Records from a collection
* * * *

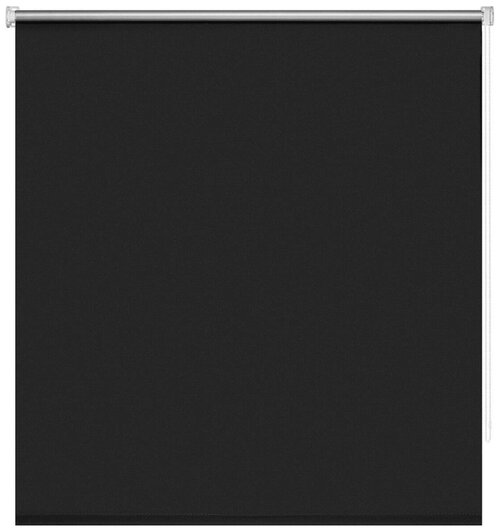 Рулонная штора Decofest Блэкаут Плайн Черный графит 60х160 см Мини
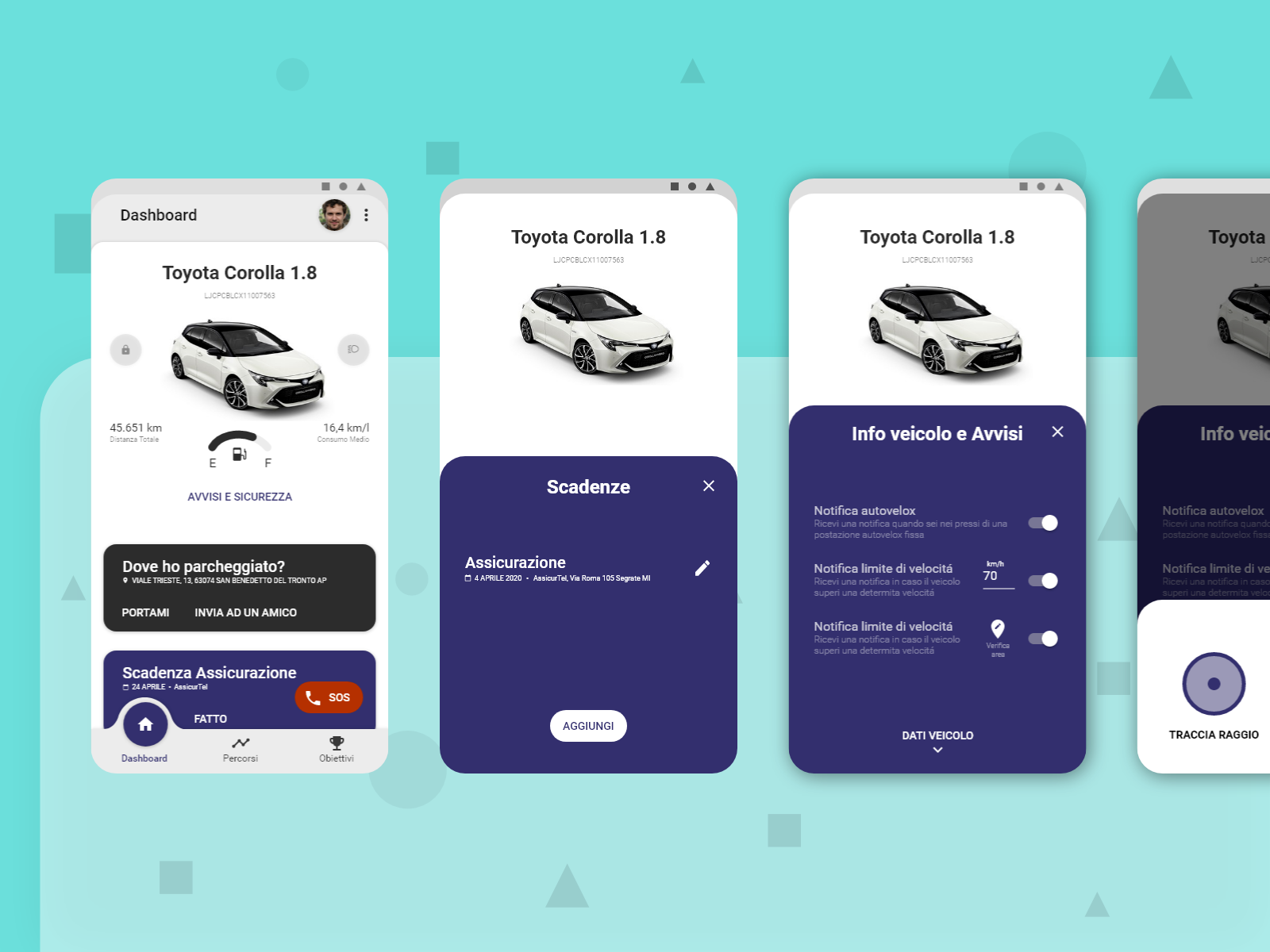 Example of Car Managment App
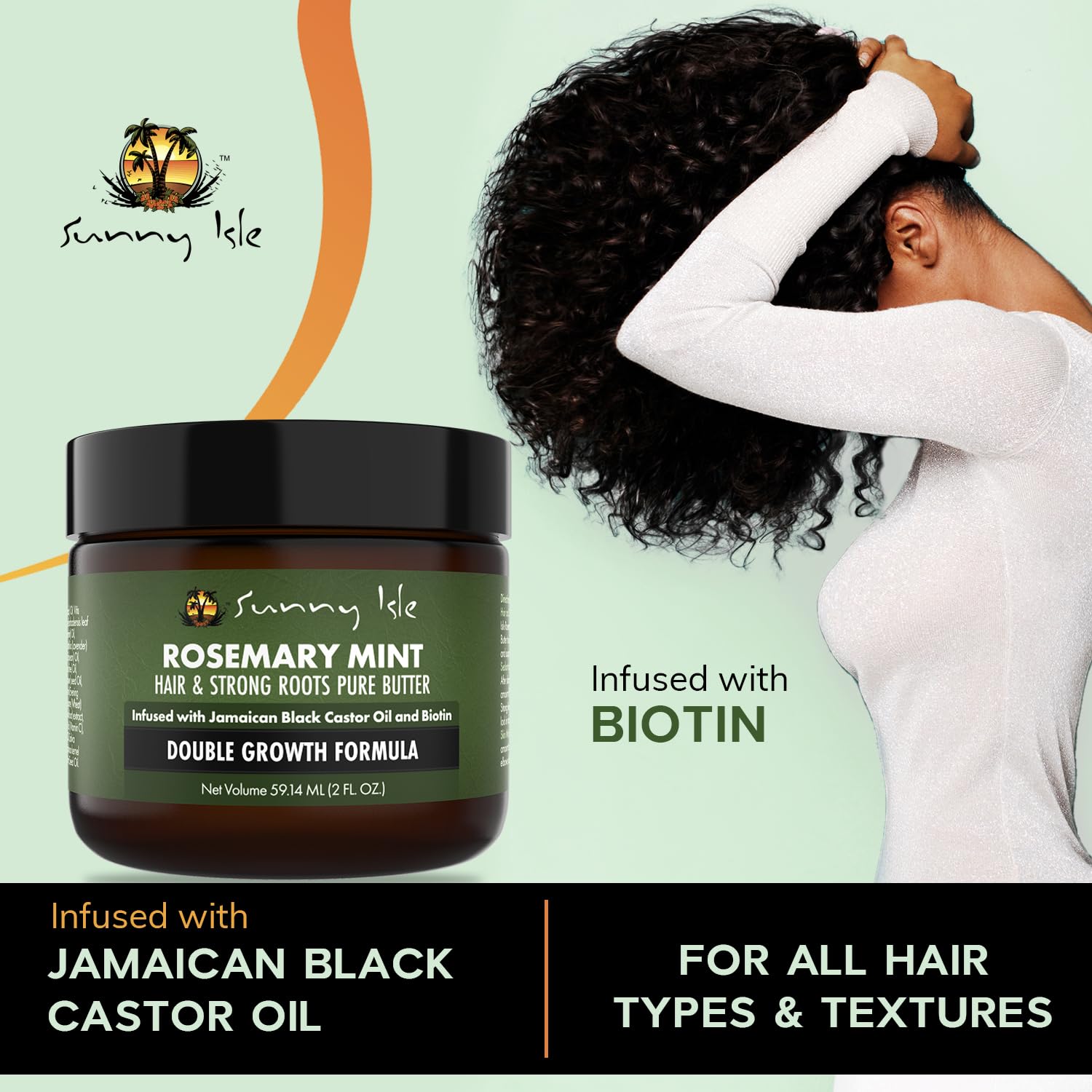 Sunny Isle Bouteille Beurre 2oz — format voyage pratique pour votre routine capillaire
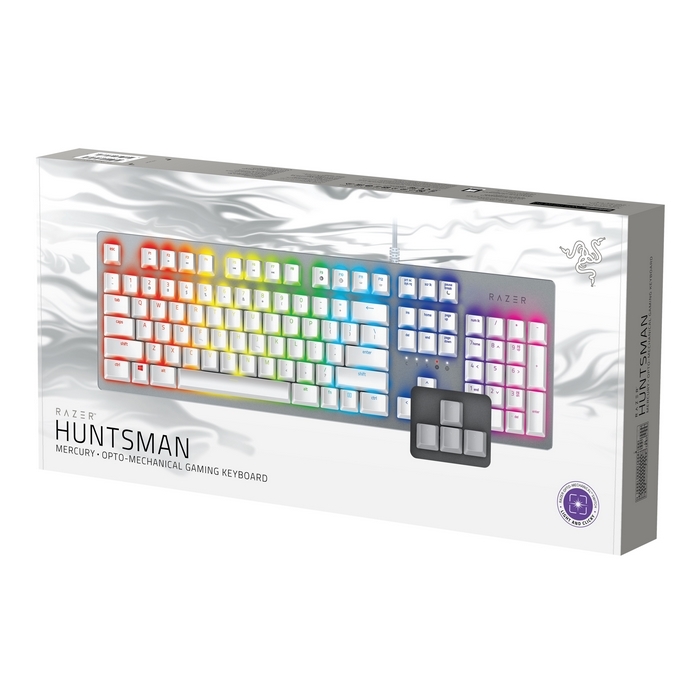Razer Keyboard Mechanical Huntsman Opto-Switches Mercury Ed. RZ03-02521900-R3M1 /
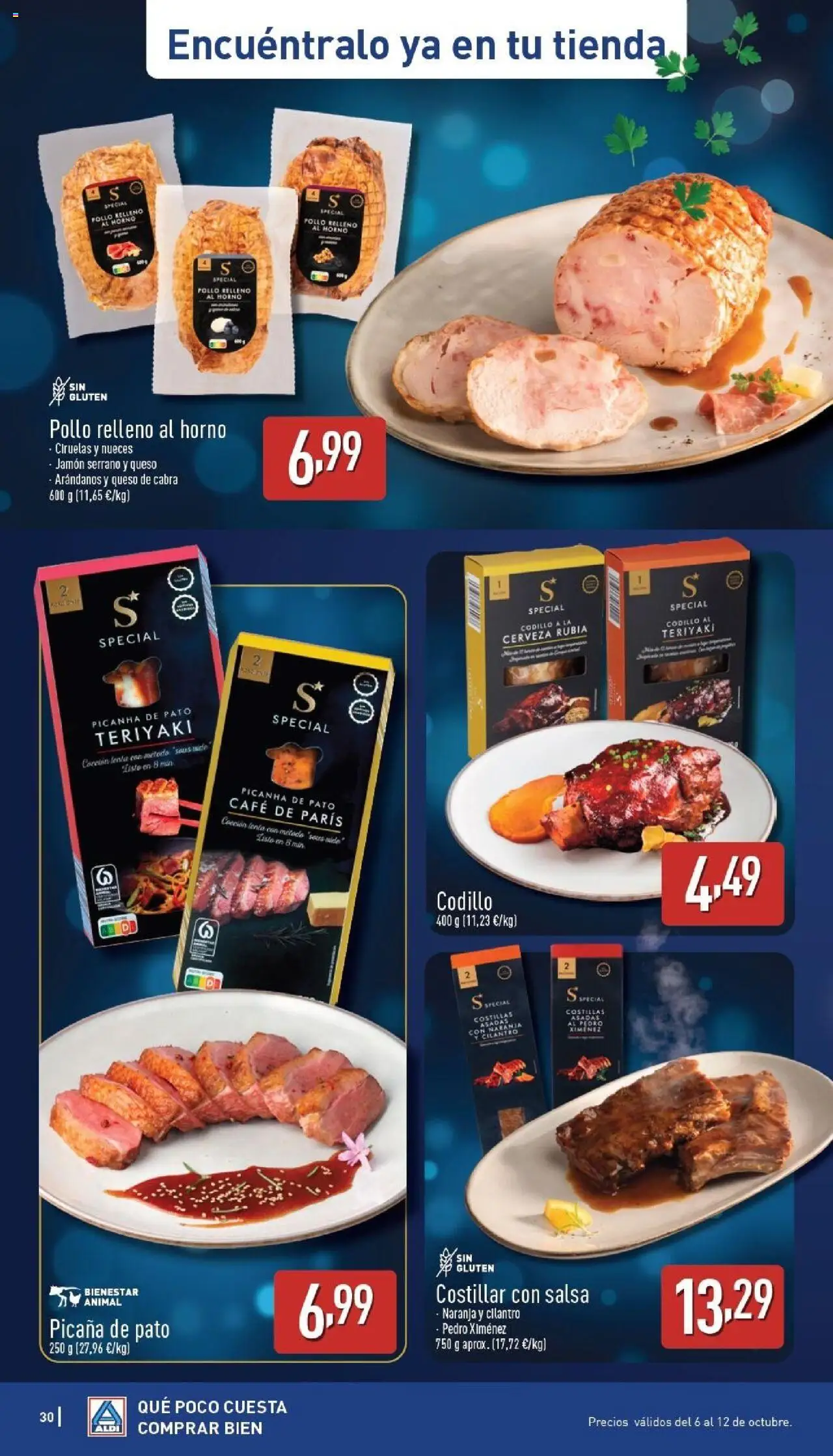 Aldi folleto Baleares │ válido desde el 06.10.2025 | Página: 30 | Productos: Jamón serrano, Queso, Café, Jamón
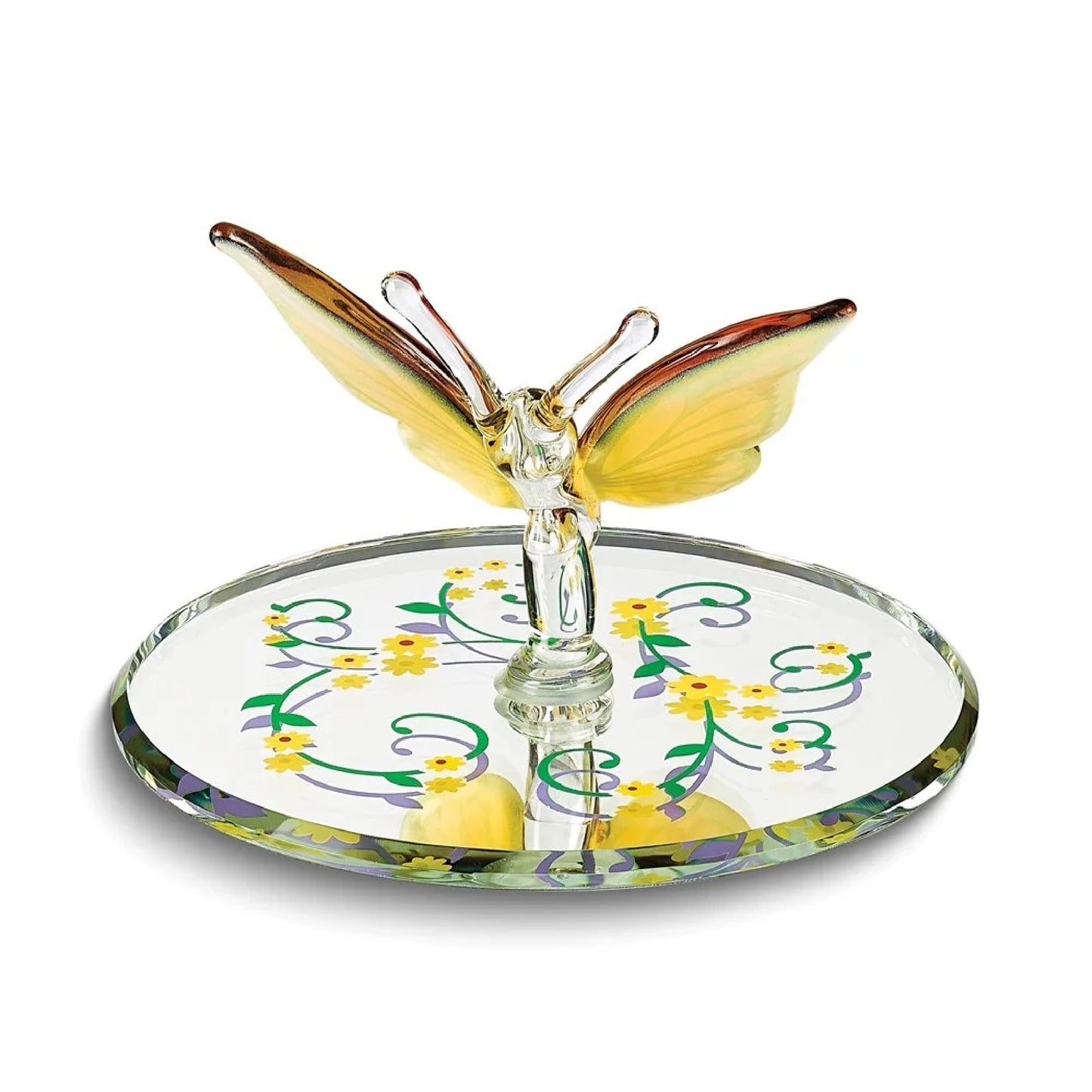 Papillon Baron en verre, monarque grand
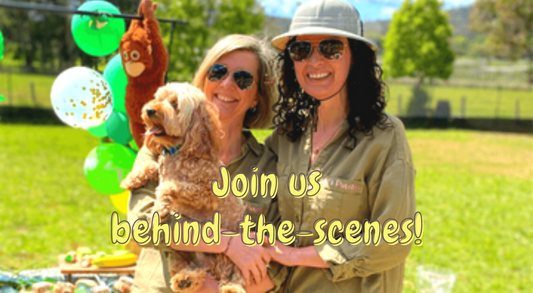 Behind-the-scenes with Renee, Claire & Gus!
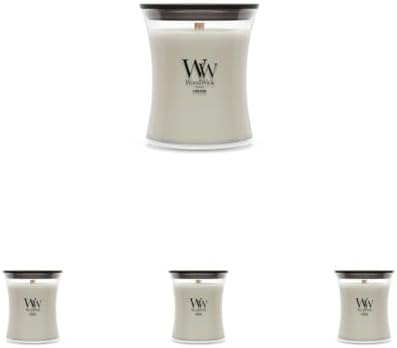 WoodWick Fireside Scented Candle, Crackling Wick, 9.7oz (Pack of 4)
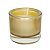 Vela Aromática - Vanilla (Baunilha) - Dourada - 1 unidade - Cromus - Rizzo - Imagem 1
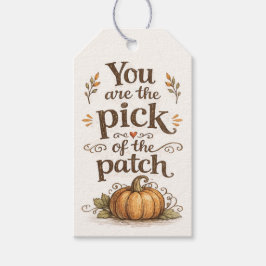 Pompoenveld Cadeaublaadjes Cadeaulabel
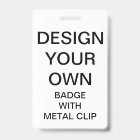 Custom Personalised BADGE WITH METAL CLIP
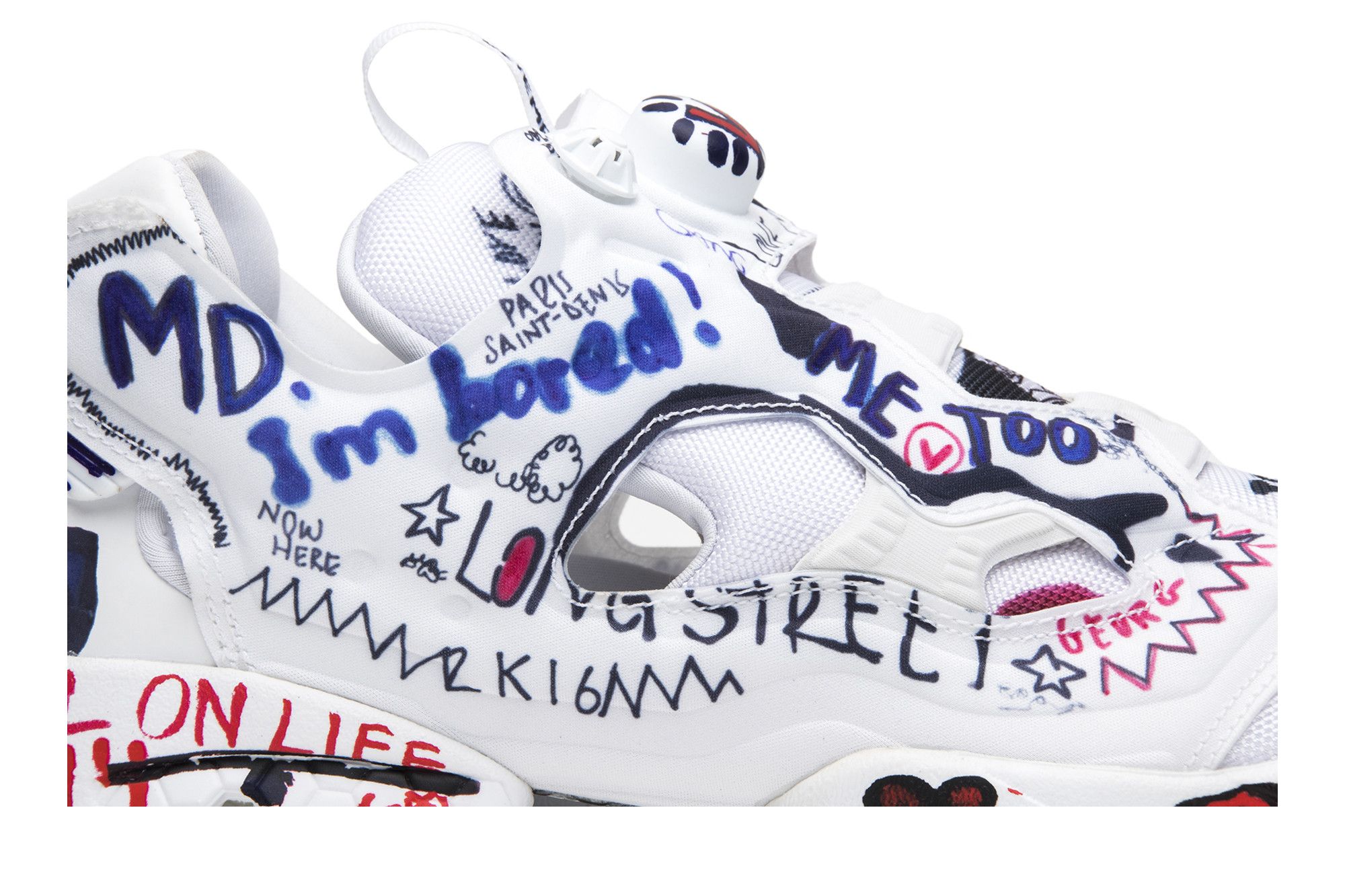 Buy Vetements x InstaPump Fury Graffiti White BS7031 GOAT UK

* * * *

The problem: When you reach a picture in the records above, pass over it and transcribe the rest exactly.

Reply:
 Рулонная штора Decofest Блэкаут Плайн Черный графит 60х160 см Мини
 Example of Car Managment App
 Sunny Isle Bouteille Beurre 2oz — format voyage pratique pour votre routine capillaire
Razer Keyboard Mechanical Huntsman Opto-Switches Mercury Ed. RZ03-02521900-R3M1 /
 Aldi folleto Baleares │ válido desde el 06.10.2025 | Página: 30 | Productos: Jamón serrano, Queso, Café, Jamón
 Papillon Baron en verre, monarque grand
 Behind-the-scenes with Renee, Claire & Gus!
 WoodWick Fireside Scented Candle, Crackling Wick, 9.7oz (Pack of 4)
 Vela Aromática - Vanilla (Baunilha) - Dourada - 1 unidade - Cromus - Rizzo - Imagem 1
 Pompoenveld Cadeaublaadjes Cadeaulabel
 Custom Personalised BADGE WITH METAL CLIP
 Buy Vetements x InstaPump Fury Graffiti White BS7031 GOAT UK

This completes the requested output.